What’s playing in Madison theaters: April 12-18

Yeah, that’s fair. The week that the Wisconsin Film Festival begins is the same week that two of the films I’ve most looked forward to seeing so far in 2013 open at Sundance. Why not open Terrence Malick’s “To the Wonder” as well and really twist the knife in?

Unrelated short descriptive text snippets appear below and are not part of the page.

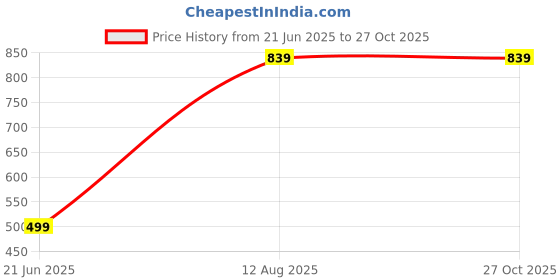 myntra.com RAVIOUR LIFESTYLE Stainless Steel Jewellery Set raviour lifestyle Price History Graph from 21 Jun 2025 to 27 Oct 2025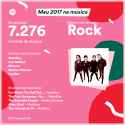 spotify-2017-wrapped.png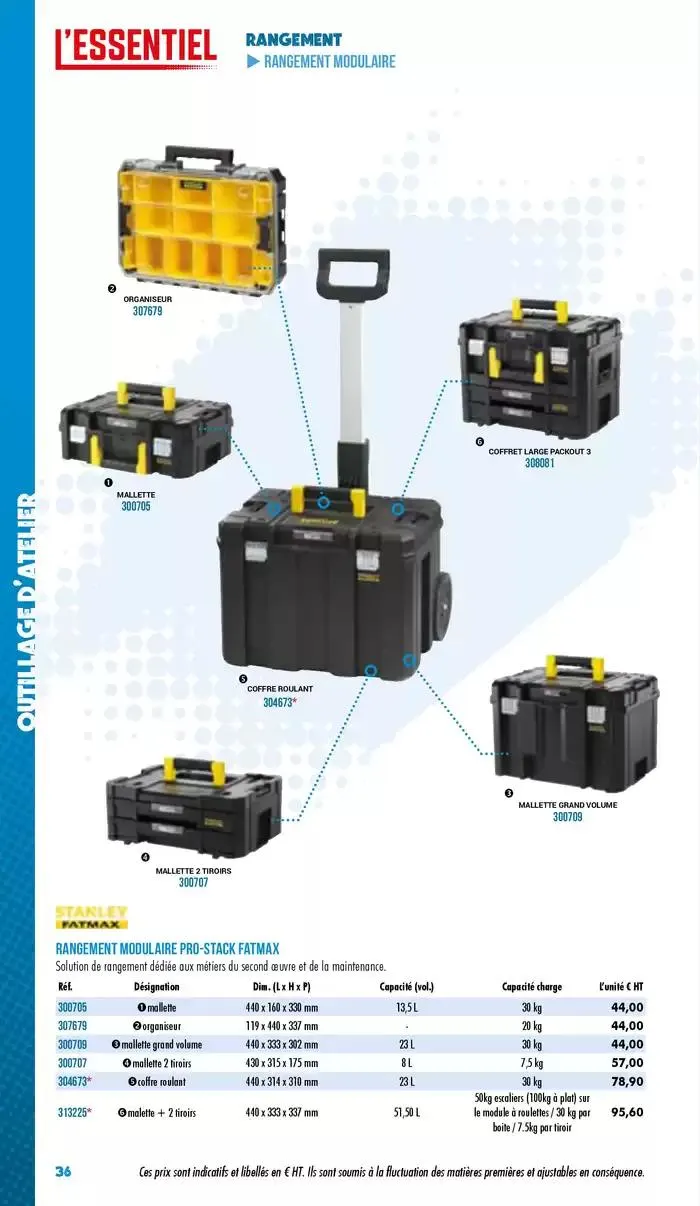 Essentiel Industrie 2025 du 3 janvier au 31 décembre 2025 - Catalogue page 38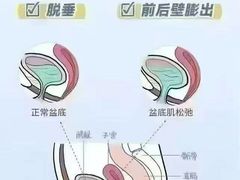 -名医堂永康中医·推拿正骨·针灸·艾灸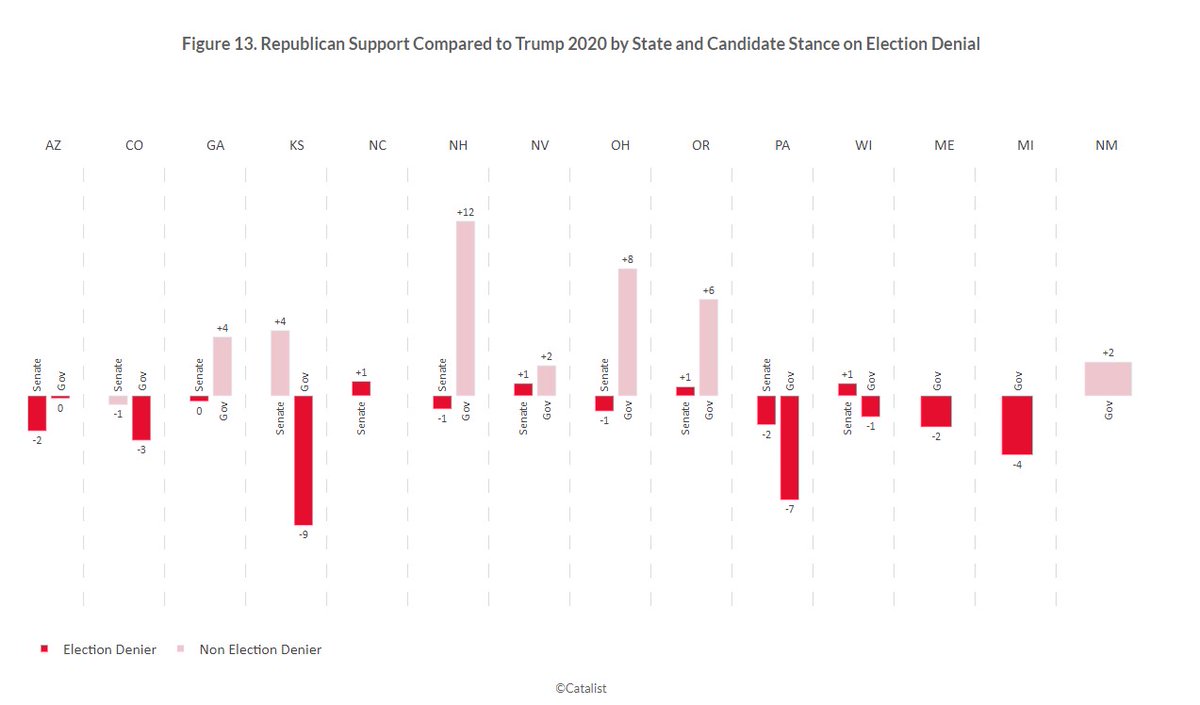 Ein Zeichen der Hoffnung der #Midterms2022: in allen swing states haben Kandidat:innen, die die Ergebnisse der Wahl in 2020 leugnen schlechter abgeschnitten als Kandidat:innen, die dies nicht taten. 

Es scheint als hätten die Wähler:innen election deniers abgestraft.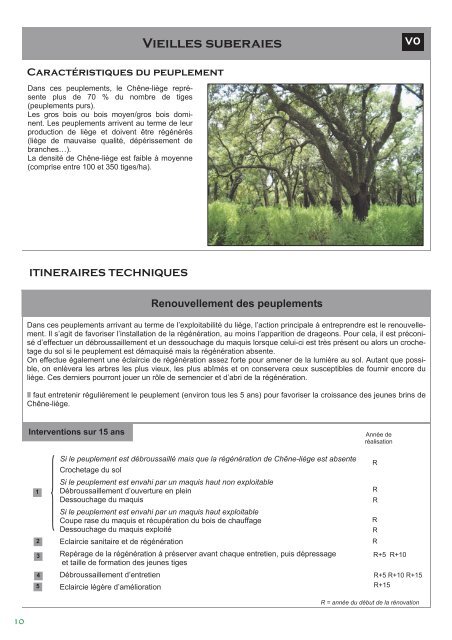 La typologie des suberaies varoises - Institut Méditerranéen du Liège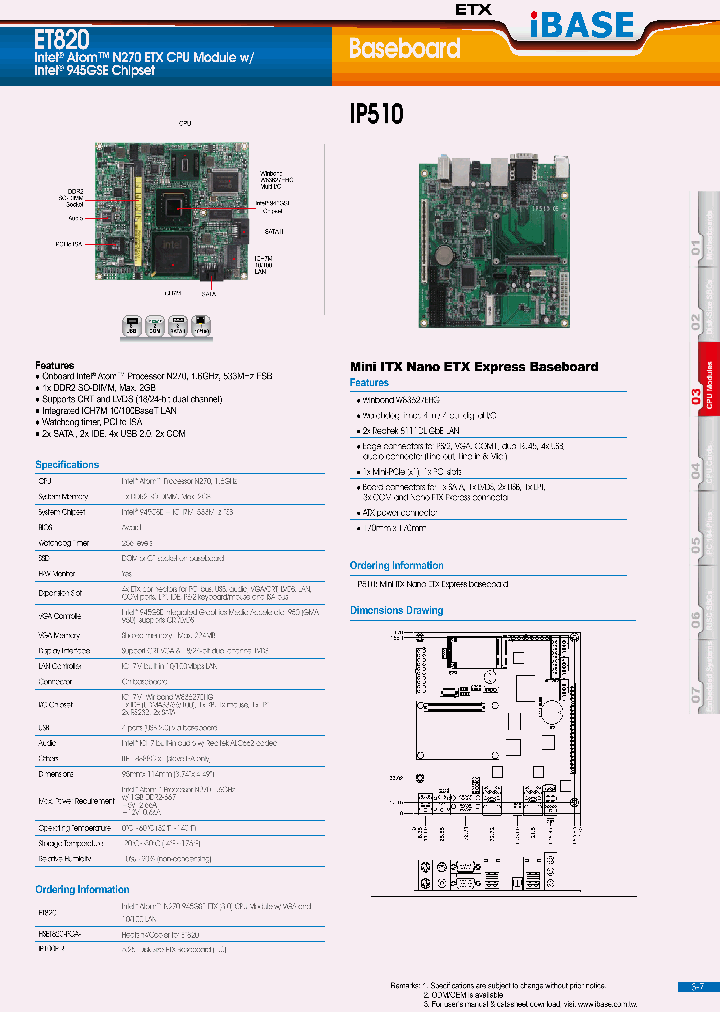 HSET820-PGA-1_7914229.PDF Datasheet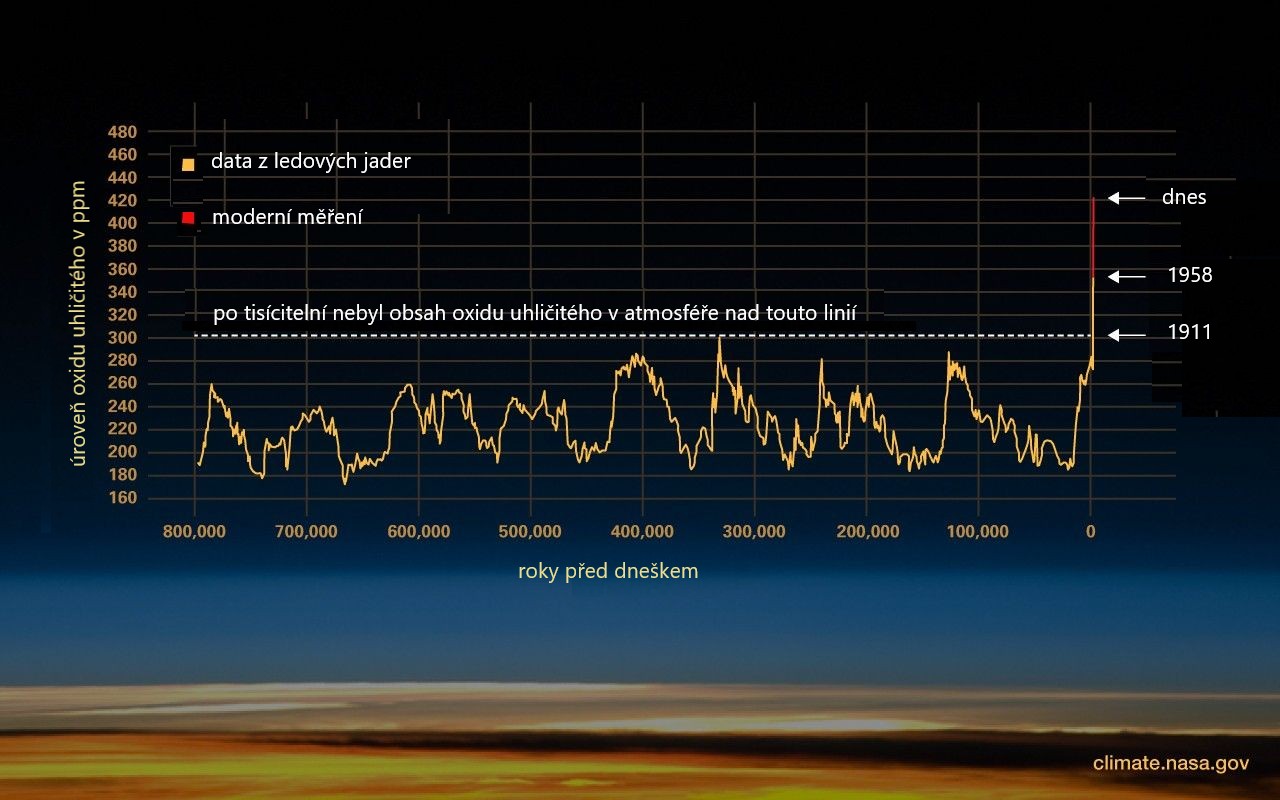 co2-graph.cz.jpg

Well, I suppose I should just be happy that Danny Boyle’s “Trance” and Derek Cianfrance’s “The Place Beyond the Pines” are here, and assume they’ll be around after the eight-day festival ends next Thursday.

 

All week

 “Trance” (Point, Sundance) – Danny Boyle seems to rocket back and forth between Oscar contenders (“Slumdog Millionaire,” “127 Hours”) and gleeful genre fare (“28 Days Later,” “Sunshine”), and the appropriately named “Trance” definitely seems to fall in the latter category. It’s a trippy crime film about an art heist where the audience is never sure what’s real and what isn’t. It looks cool, anyway.

 

The Place Beyond the Pines” (Sundance) – Derek Cianfrance’s follow-up to “Blue Valentine” is a similarly bleak drama, this time an epic crime drama about a cop (Bradley Cooper),  a robber (Ryan Gosling), and the connection between their two sons. Reviews suggest Cianfrance may have bitten off more than he can chew, but I’m more than curious.

 

42” (Point, Eastgate, Star Cinema, Cinema Café) – Writer-director Brian Helgeland’s biopic about Jackie Robinson looks earnest and inspiring – and would you want it to be any other way? Harrison Ford, playing crotchety baseball owner Branch Rickey, who signed Robinson and cross the color barrier when nobody else would, looks like he’s a ball of fire in this one.

 

Scary Movie V” (Point, Eastgate, Star Cinema) – David Zucker, who recently slapped Robert Hays with a fish in the new Wisconsin Department of Tourism ad, goes back to the horror-movie-parody franchise yet again. And by “parody,” I mean “obvious references to recent horror movies that even people who just saw the trailer will get.” Sigh.

 

Tuesday

 

Girl Rising” (7 p.m., Union South) – Back by popular demand, the inspiring anthology film, looking at girls in eight different developing countries and their struggles to get a good education, has a free screening on campus. Highly recommended – here’s my reported from a packed Gathr screening last month.

 

Banff Mountain Film Festival (7 p.m., Barrymore Theatre) – The touring film festival features nature and environment documentaries from all across the countries, so much so that it’s spread across two nights (Tuesday and Wednesday) this week with different film programs each night. Tickets are $12 in advance ($14 at the door) for a single-day ticket or $20 for a two-night pass; buy advance tickets at barrymorelive.com and check out the film line-up for each night.

Wednesday

 

Banff Mountain Film Festival (7 p.m. Barrymore Theatre) – See Tuesday listing.

 

Thursday

 

Zero Dark Thirty” (7 p.m., Union South Marquee Theatre) – Kathryn Bigelow’s fact-based thriller about the hunt for Osama Bin Laden doesn’t preach for or against the “enhanced interrogation” techniques – i.e. torture – used along the way. But it does put ownership of those incidents in the lap of the American audience. If we want to cheer Osama’s death, the movie implicitly says, we have to own everything else as well. One of the best films of 2012. Free!